For the entries that follow, set down each one exactly and drop any pictures.

• _Records to use_
◇ ◇ ◇ ◇ ◇ ◇ ◇

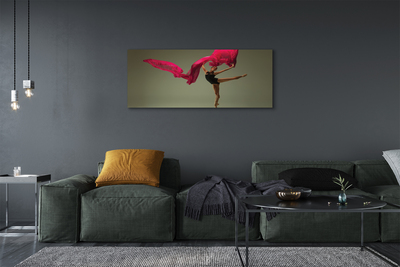 Schilderij canvas Ballet roze materiaal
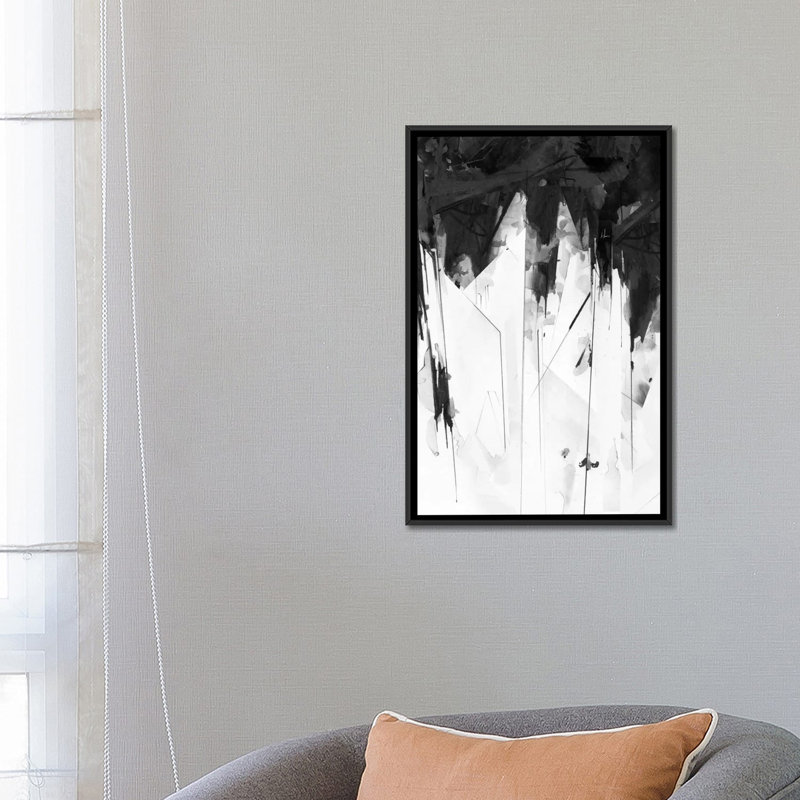 « macy », impression sur toile tendue, H 26 po x l 18 po x P 1,5 po, Toile avec cadre noir, Pas de tapis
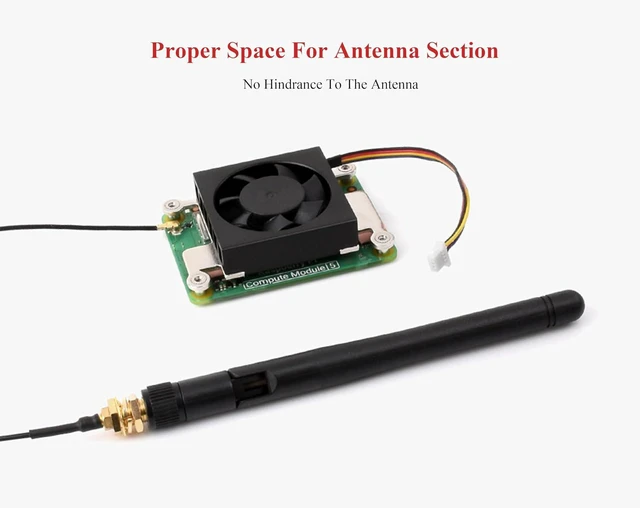 Alt view image 5 of 7 - 3007 Cooling Fan for Compute Module 5 CM5, Low Noise, with Thermal Tapes, 5V Pow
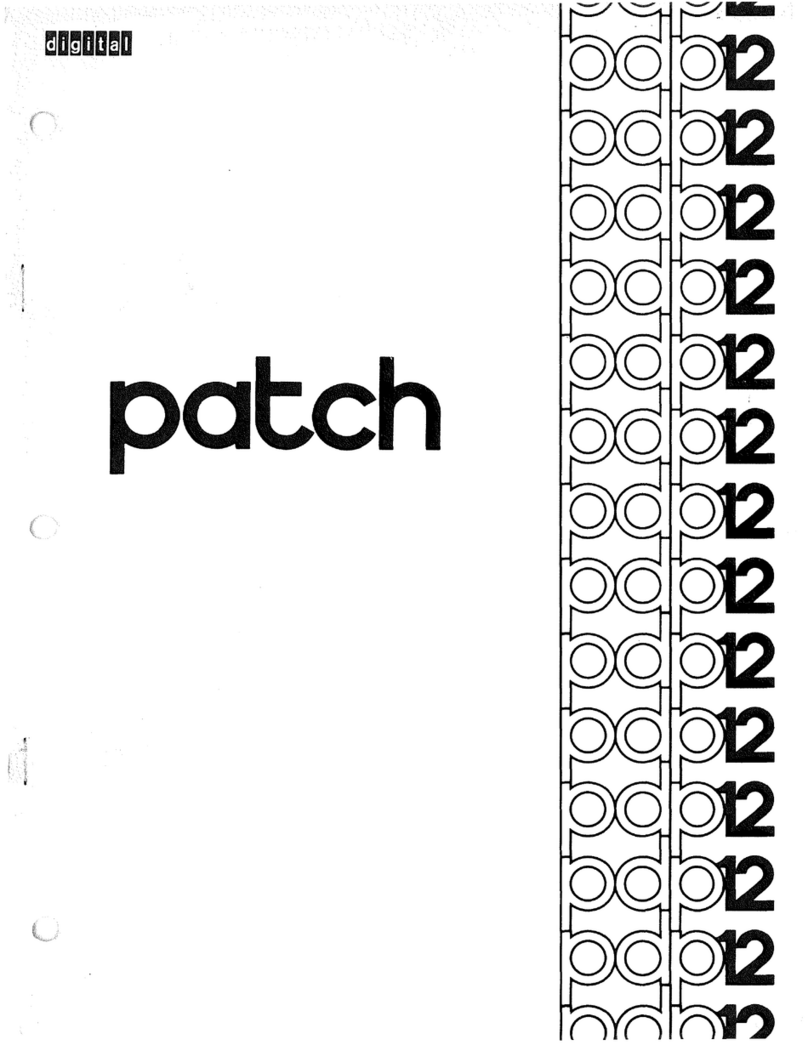 Digital Equipment PDP-12 User manual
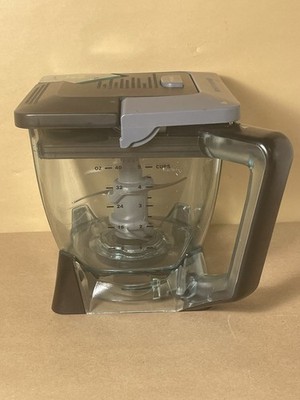 Ninja Blender 40 oz Clear Processor Bowl with Locking Lid and Blades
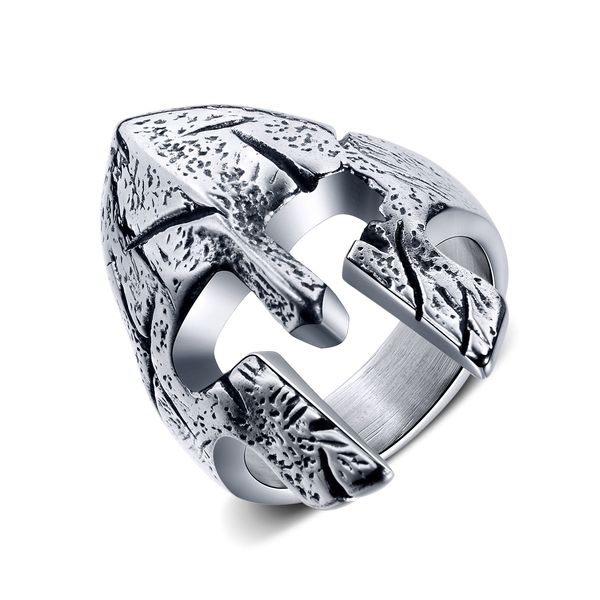 classic retro men's spartan helmet ring personality charm punk mask titanium steel ring 3-gj675, Silver
classic retro men's spartan helmet ring personality charm punk mask titanium steel ring 3-gj675, Silver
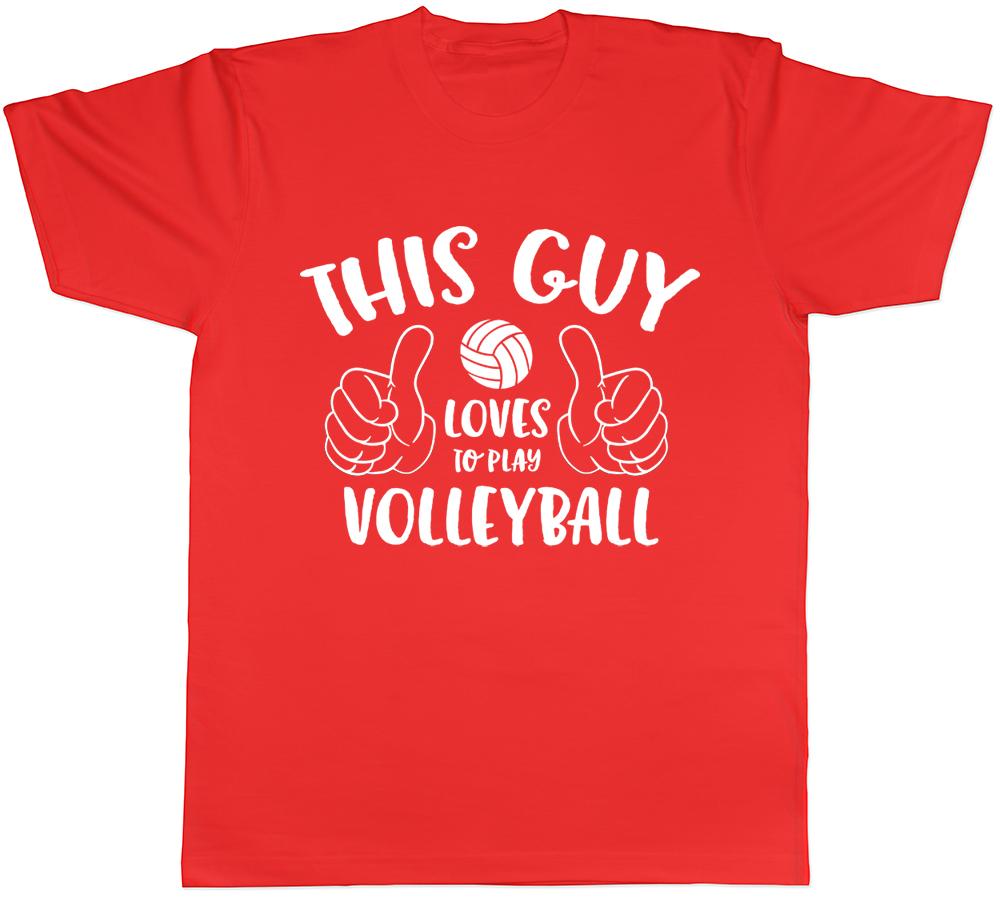 This Guy Loves to Play Volleyball Unisexs TShirt S
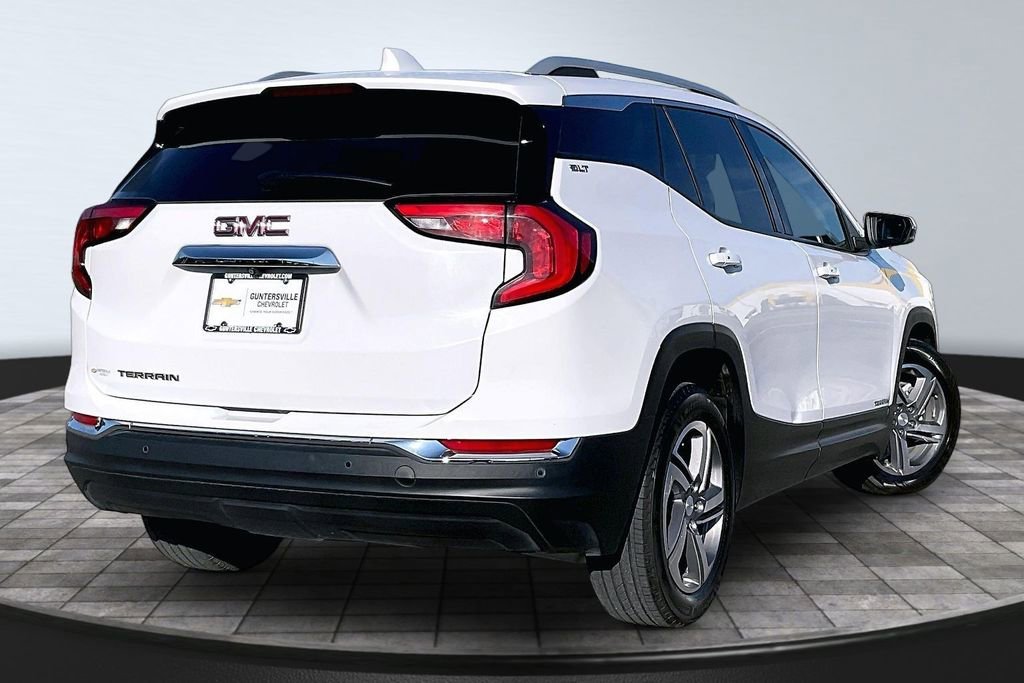 Used 2021 GMC Terrain SLT with VIN 3GKALPEVXML384813 for sale in Guntersville, AL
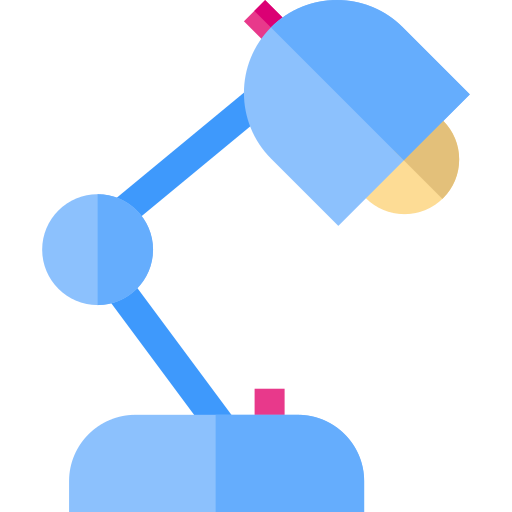 lámpara de mesa Basic Straight Flat icono
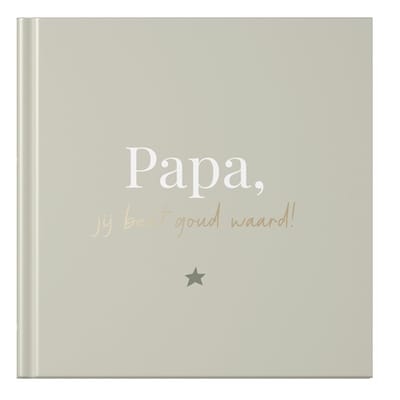 Fyllbooks – Papa, jij bent goud waard – Invulboekje met Quotes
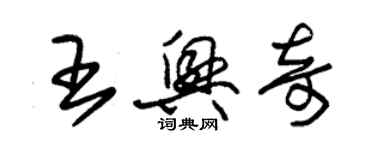 朱錫榮王興奇草書個性簽名怎么寫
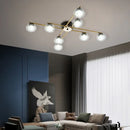 Ljojo Modern Black LED Chandelier Ceiling Light Fixture for Home Decor Living Room Dining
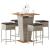Set mobilier bar de grădină, cu perne, 5 piese, gri, poliratan GartenMobel Dekor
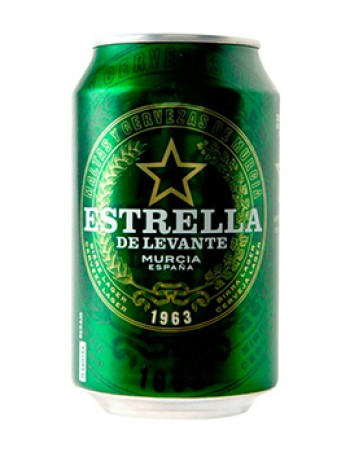 Cerveza Estrella De Levante Lata 33cl - Comprar Bebidas
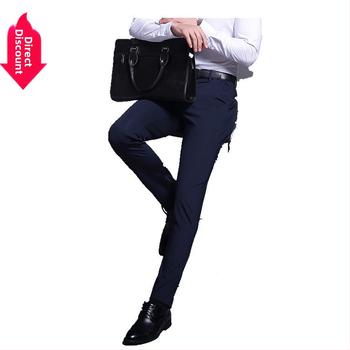 Νέο επαγγελματικό παντελόνι με επένδυση από φλις για άνδρες Four Seasons Business Dress Straight Casual ανδρικό κοστούμι σε κορεατικό στιλ για νέους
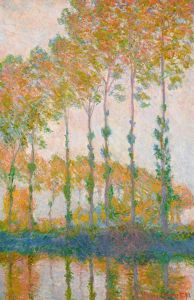 Peupliers au bord de l’Epte, automne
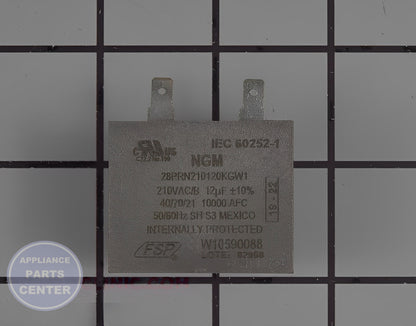 Maytag Run Capacitor W11179313 - Main view showing energy-efficient operation for Maytag and Whirlpool refrigerators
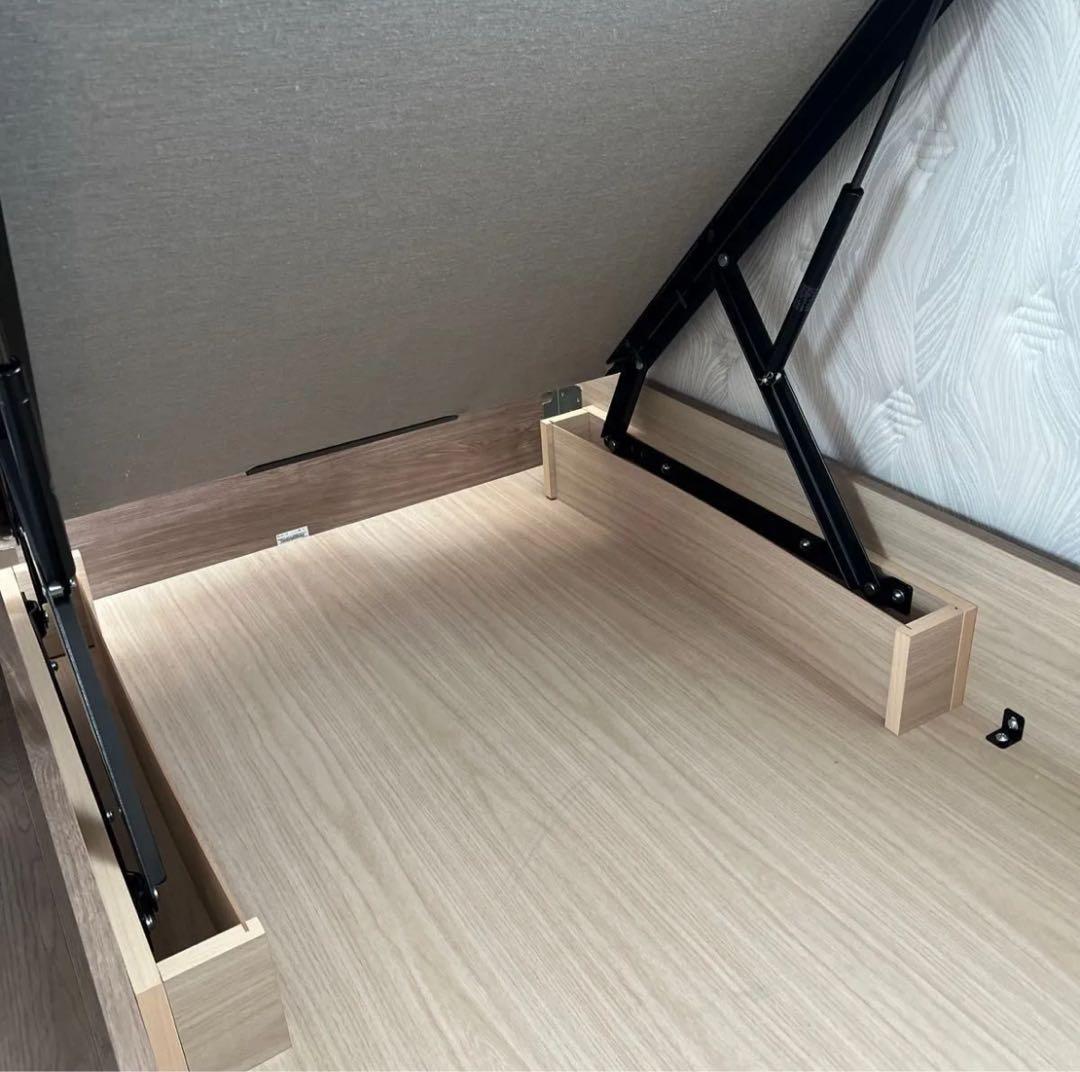 フランスベッド シングル マットレス+跳ね上げフレーム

◇ ◇ ◇ ◇ ◇ ◇ ◇

• _Output of the task_
 Schilderij canvas Ballet roze materiaal
 « macy », impression sur toile tendue, H 26 po x l 18 po x P 1,5 po, Toile avec cadre noir, Pas de tapis
 Alt view image 5 of 7 - 3007 Cooling Fan for Compute Module 5 CM5, Low Noise, with Thermal Tapes, 5V Pow
 Digital Equipment PDP-12 User manual
 Ninja Blender 40 oz Clear Processor Bowl with Locking Lid and Blades
 classic retro men's spartan helmet ring personality charm punk mask titanium steel ring 3-gj675, Silver
classic retro men's spartan helmet ring personality charm punk mask titanium steel ring 3-gj675, Silver
 This Guy Loves to Play Volleyball Unisexs TShirt S
 Used 2021 GMC Terrain SLT with VIN 3GKALPEVXML384813 for sale in Guntersville, AL
 lámpara de mesa Basic Straight Flat icono
 Fyllbooks – Papa, jij bent goud waard – Invulboekje met Quotes
 朱錫榮王興奇草書個性簽名怎么寫
 Ljojo Modern Black LED Chandelier Ceiling Light Fixture for Home Decor Living Room Dining
Set mobilier bar de grădină, cu perne, 5 piese, gri, poliratan GartenMobel Dekor
 Cerveza Estrella De Levante Lata 33cl - Comprar Bebidas
 Νέο επαγγελματικό παντελόνι με επένδυση από φλις για άνδρες Four Seasons Business Dress Straight Casual ανδρικό κοστούμι σε κορεατικό στιλ για νέους
 Peupliers au bord de l’Epte, automne
 Maytag Run Capacitor W11179313 - Main view showing energy-efficient operation for Maytag and Whirlpool refrigerators
 フランスベッド シングル マットレス+跳ね上げフレーム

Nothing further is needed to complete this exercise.